Emily Ortega, 21 and about to give birth, said she clung to a post to survive after the evacuation centre she fled to was devastated by the six-metre storm surge.
She reached safety at the airport, where she gave birth to a baby girl, Bea Joy Sagales, whose arrival drew applause from the military medics who assisted in the delivery.
The wind, rain and coastal storm surges transformed neighbourhoods into twisted piles of debris, blocking roads and trapping decomposing bodies underneath. Cars and trucks lay upended among flattened homes, and bridges and ports were washed away.
"In some cases the devastation has been total," said Secretary to the Cabinet, Rene Almendras.
In Tacloban, residents stripped malls, shops and homes of food, water and consumer goods. Officials say some of the looting smacked of desperation but in other cases people hauled away TVs, fridges, Christmas trees and even a treadmill.
Brig Gen Kennedy said Philippine forces were handling security well and US troops were "looking at how to open up roads and land planes and helicopters" in order to bring in shelter, water and other supplies.
Still, those caught in the storm are worried aid will not arrive soon enough.

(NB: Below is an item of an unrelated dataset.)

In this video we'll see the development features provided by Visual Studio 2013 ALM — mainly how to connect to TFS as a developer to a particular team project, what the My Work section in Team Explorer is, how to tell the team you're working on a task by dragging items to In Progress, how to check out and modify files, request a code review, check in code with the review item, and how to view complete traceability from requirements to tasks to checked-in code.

"We're afraid that it's going to get dangerous in town because relief goods are trickling in very slow," said Bobbie Womack, an American missionary.

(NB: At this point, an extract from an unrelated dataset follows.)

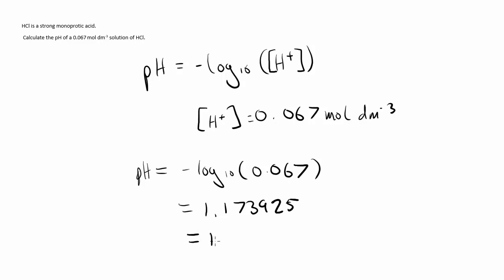We get the pH is equal to 1.17, and that's how we'd work this one out.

Marvin Daga, a 19-year-old student, tried to ride out the storm in his home with his ailing father, Mario, but the storm surge carried the building away.
They clung to each other while the house floated for a while, but it eventually crumbled and they fell into churning waters. The teen grabbed a coconut tree with one hand and his father with the other, but he slipped out of his grasp.
"I hope that he survived," Marvin said as tears filled his eyes. "But I'm not expecting to find him any more."
Philippine President Benigno Aquino III declared a "state of national calamity", allowing the central government to release emergency funds quicker and impose price controls on staple goods.
He says the two worst-hit provinces, Leyte and Samar, have witnessed "massive destruction and loss of life" but that elsewhere casualties are low.